Frustration for all during snow chaos

George Andrews took this photograph of a dog walker on Bracklesham Beach. "This owner probably thought: 'Snow reason not to go walkies.'," he said.
George Andrews took this photograph of a dog walker on Bracklesham Beach. "This owner probably thought: 'Snow reason not to go walkies.'," he said.

JUST when we thought spring was well on its way, the area has been hit by shock snow, sleet and treacherous icy conditions.

However, with snow forecast for days in advance, many Observer readers were left questioning why roads were not cleared and gritted.

Sussex Police attended more than 300 collisions across the county in a 24-hour period.

Katherine Holt wrote to the Observer on Tuesday after seeing the figures.

“Why were the roads not prepped early yesterday morning when the snow was clearly evident, with warnings of more on the way?” she said.

“It’s really disappointing the council were not better prepared, having been good with the snowfall in January, this is completely unacceptable.

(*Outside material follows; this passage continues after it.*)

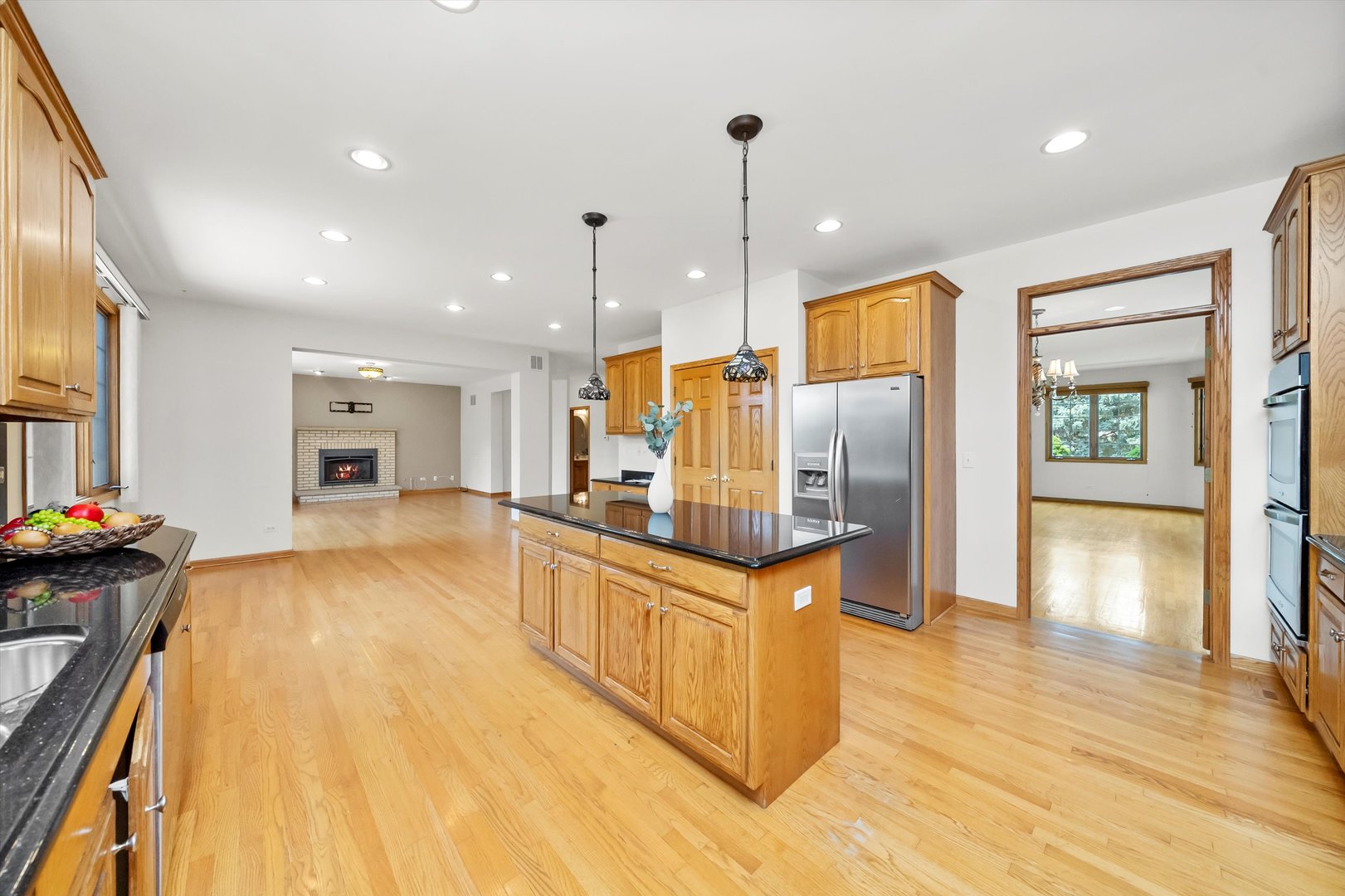 10137 S 86th Court, Palos Hills, IL 60465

Another reader, George Findlay, described the A283, the A29 and Bury Hill as ‘sheets of ice’.

“It took me over an hour to turn around and come back,” he wrote.

Meanwhile, the driving winds formed drifts in some areas. Observer photographer Louise Adams captured images of 6ft-high drifts on the road to West Dean.

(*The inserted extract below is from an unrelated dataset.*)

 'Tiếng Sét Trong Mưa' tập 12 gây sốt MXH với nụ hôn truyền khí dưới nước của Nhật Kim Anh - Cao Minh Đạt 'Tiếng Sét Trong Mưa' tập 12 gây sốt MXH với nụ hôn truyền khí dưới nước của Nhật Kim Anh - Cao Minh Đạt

Speaking about the problems, Pieter Montyn, West Sussex cabinet member for highways and transport, said: “It was a very difficult and frustrating night for drivers, and we fully appreciate the problems they faced.

“I want to assure people that our crews were doing all they could but the winds and drifting have led to many incidents on the network which have had a knock-on effect creating gridlock across the whole county and the South East, which has impacted upon gritting operations.”

Speaking on Tuesday, he said: “I want to reassure people that our gritters will be working continuously while the severe weather continues.

“Our advice in the meantime is only drive if your journey is really essential and to take great care.”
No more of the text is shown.